### What is required
Reproduce the listing in full. Omit the pictures.

═════ Recorded data

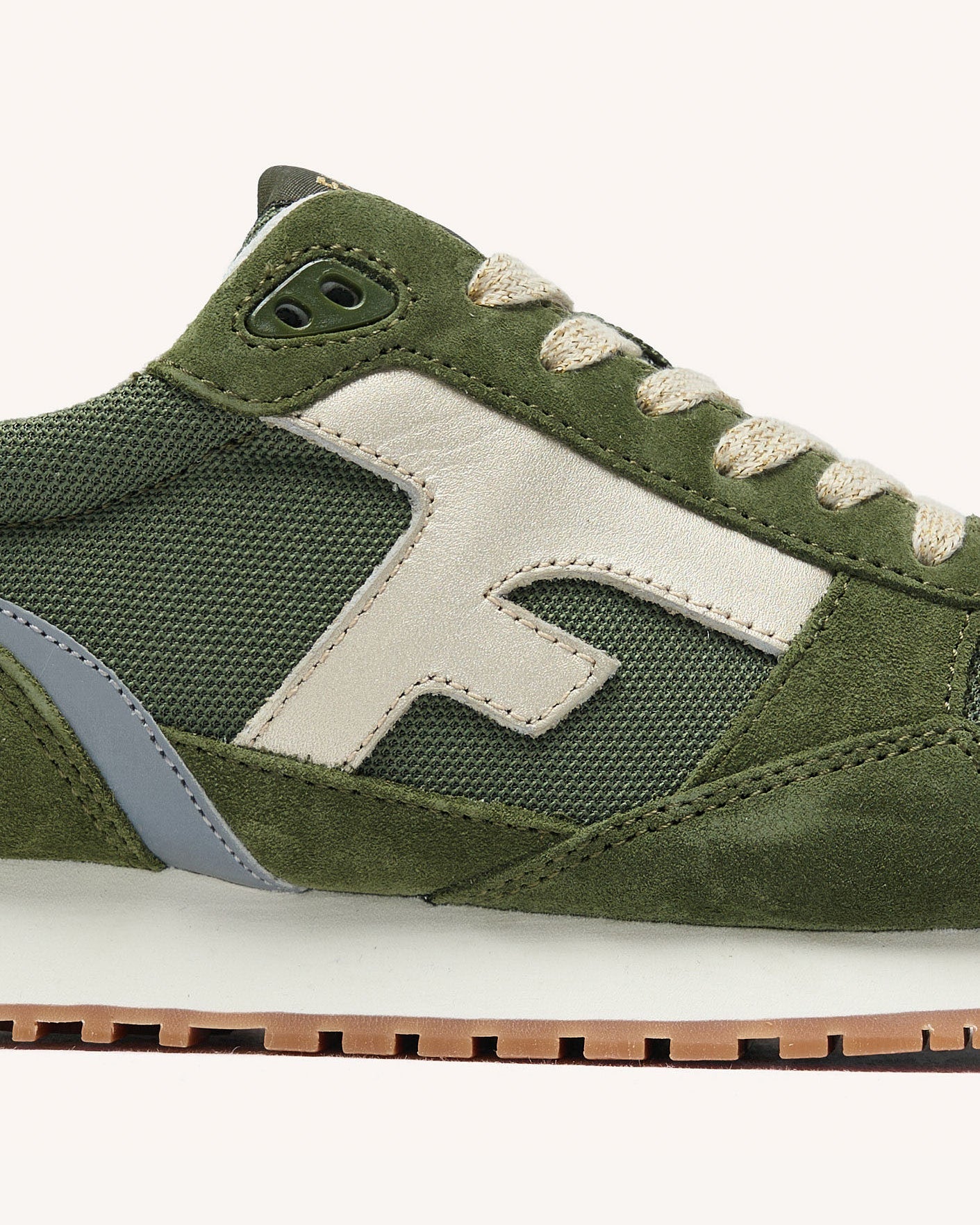 running-kaki-doree-polyester-recycle-modele-elm-P4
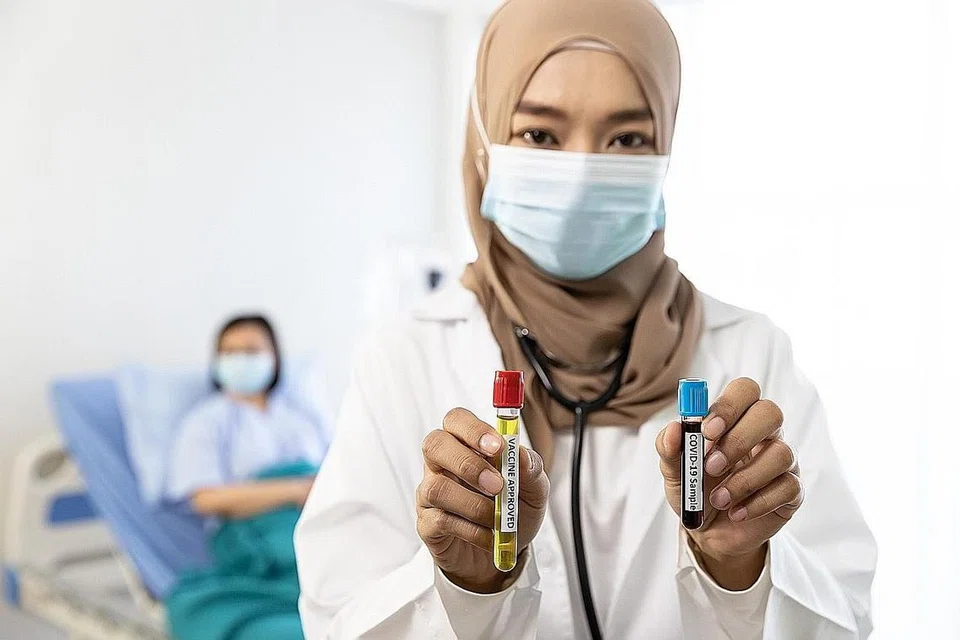 JANGAN WASWAS: Usah menjadi sebab wabak berlanjutan hanya kerana kita masih waswas atau keliru dengan vaksin, ekoran khabar-khabar palsu dan maklumat yang tidak tepat yang kita dengar di media-media sosial. - Foto hiasan ISTOCKPHOTO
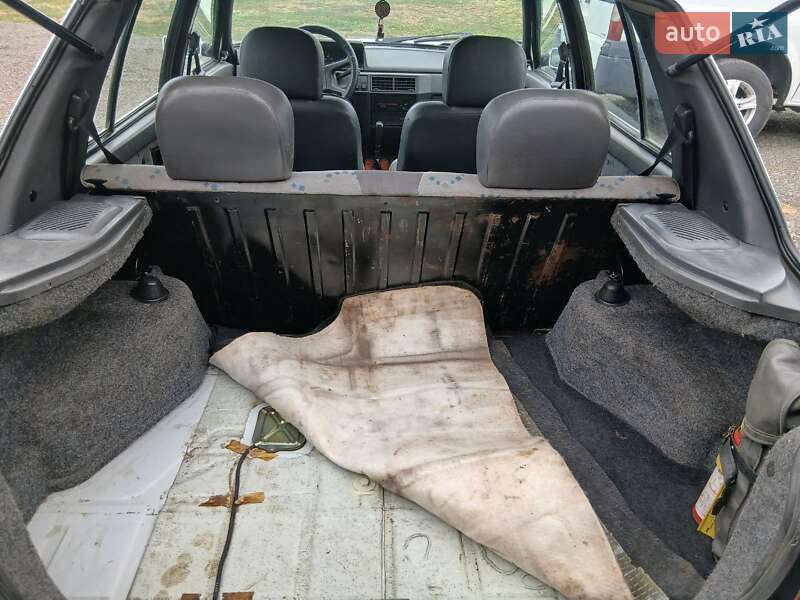 Лифтбек ЗАЗ 1103 Славута 2003 в Николаеве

══════════

### Result for this task
 running-kaki-doree-polyester-recycle-modele-elm-P4
 JANGAN WASWAS: Usah menjadi sebab wabak berlanjutan hanya kerana kita masih waswas atau keliru dengan vaksin, ekoran khabar-khabar palsu dan maklumat yang tidak tepat yang kita dengar di media-media sosial. - Foto hiasan ISTOCKPHOTO
 Лифтбек ЗАЗ 1103 Славута 2003 в Николаеве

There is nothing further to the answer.